Florida’s Chief Financial Officer and Fire Marshal, Jimmy Patronis, has recommended that state retirement fund managers examine Bitcoin as a potential investment for the state’s portfolio, reflecting a trend among U.S. states exploring Bitcoin for diversification.
In an October 29th letter addressed to Chris Spencer, Executive Director of the Florida State Board of Administration (SBA), Patronis described Bitcoin’s potential as a stabilizing asset, often referred to as “digital gold.”
He requested a report on the feasibility, risks, and potential benefits of including digital assets in Florida’s retirement fund portfolio, with findings due by March 4th, 2025.
Currently, the SBA manages over 30 funds, including the $205 billion Florida Retirement System Trust Fund as of September 30th.
Under the Florida Growth Fund, the SBA has authority to allocate up to 1.5% of the trust fund to high-growth investments and has invested around $998 million in recent years.
Patronis proposed using this vehicle to pilot a “Digital Currency Investment Program” to explore Bitcoin's potential within the growth-focused portfolio.
In his letter, Patronis emphasized that the primary duty in managing state pensions is to deliver returns for public sector retirees, adding that Bitcoin could potentially strengthen investment returns.

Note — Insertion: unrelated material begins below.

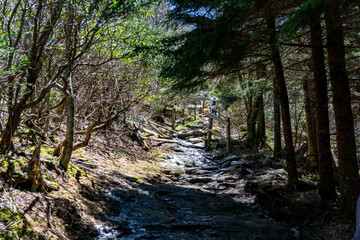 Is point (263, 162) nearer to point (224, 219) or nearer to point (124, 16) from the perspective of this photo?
point (224, 219)

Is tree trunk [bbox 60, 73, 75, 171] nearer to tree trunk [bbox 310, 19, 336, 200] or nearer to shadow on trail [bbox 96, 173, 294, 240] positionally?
shadow on trail [bbox 96, 173, 294, 240]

He further noted that a state investment in Bitcoin aligns with Governor Ron DeSantis’ position against central bank digital currencies (CBDCs), highlighting Bitcoin as a decentralized alternative to centralized currencies.
If adopted, Florida would join states like Wisconsin and Michigan in including Bitcoin in public retirement funds.
Wisconsin’s investment board disclosed a $164 million investment in Bitcoin exchange-traded funds (ETFs), while Michigan reported a smaller allocation to a Bitcoin ETF from ARK 21Shares.